WHAT YOU NEED TO DO: Output, exactly as written, the lines below from the one that has "Le président français" through the one that has "and Dani Arnold"; nothing else, and no pictures.

MATERIALS PROVIDED:
⁂

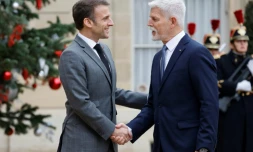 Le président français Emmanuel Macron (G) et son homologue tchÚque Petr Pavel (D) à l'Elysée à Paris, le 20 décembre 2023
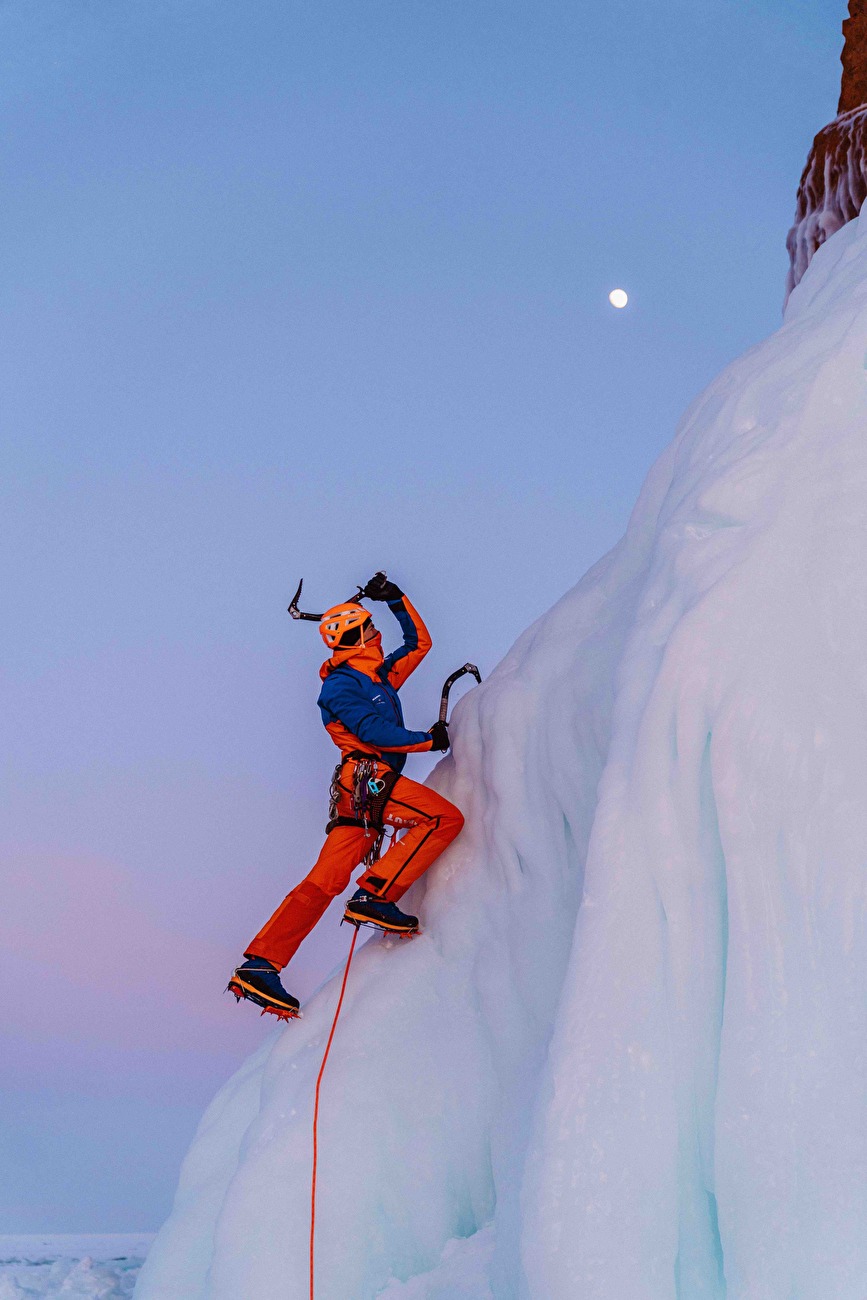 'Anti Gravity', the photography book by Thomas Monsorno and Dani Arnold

⁂

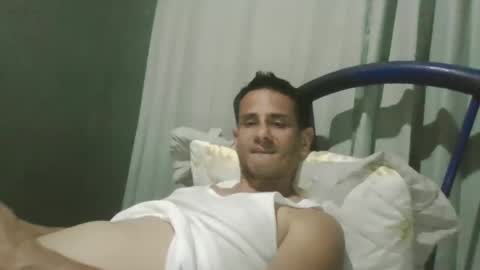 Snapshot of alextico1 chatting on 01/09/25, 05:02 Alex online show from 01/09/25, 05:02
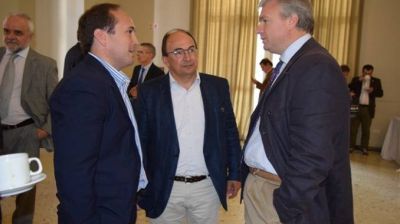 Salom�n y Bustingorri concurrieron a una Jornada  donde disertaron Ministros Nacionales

⁂

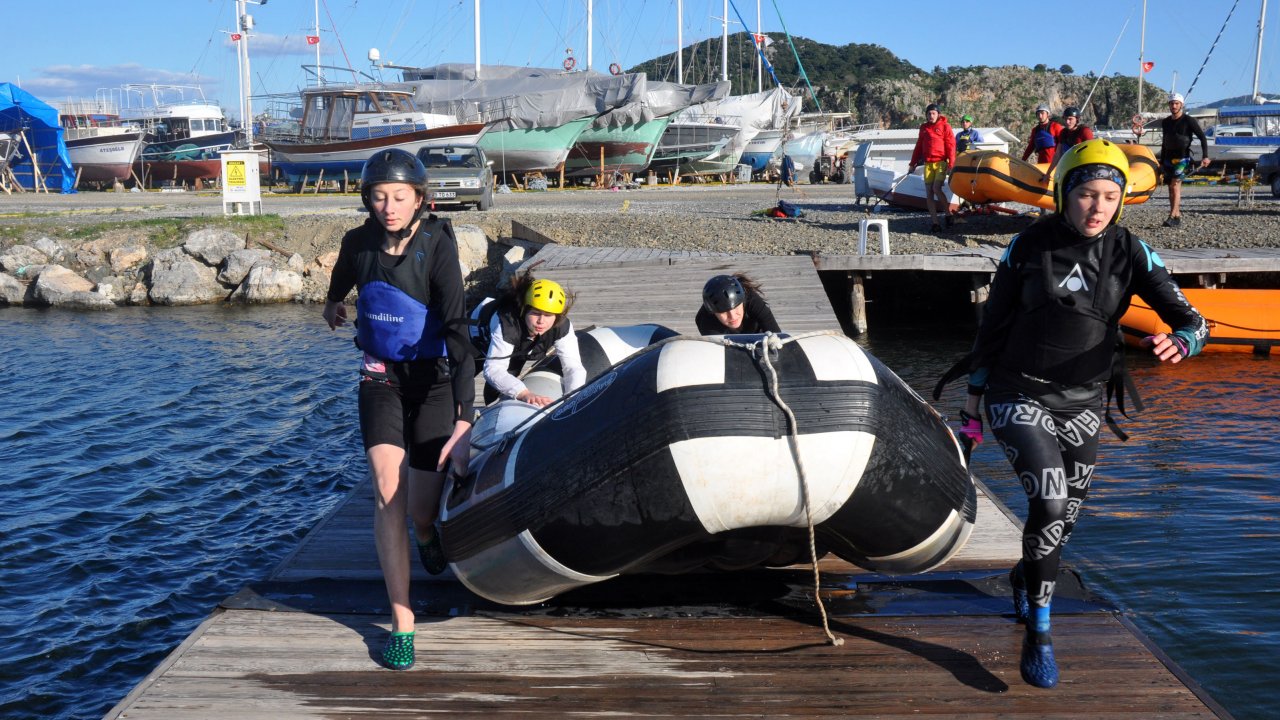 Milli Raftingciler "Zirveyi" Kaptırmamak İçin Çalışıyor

⁂

SOLUTION TO THIS PROBLEM:
 Le président français Emmanuel Macron (G) et son homologue tchÚque Petr Pavel (D) à l'Elysée à Paris, le 20 décembre 2023
 'Anti Gravity', the photography book by Thomas Monsorno and Dani Arnold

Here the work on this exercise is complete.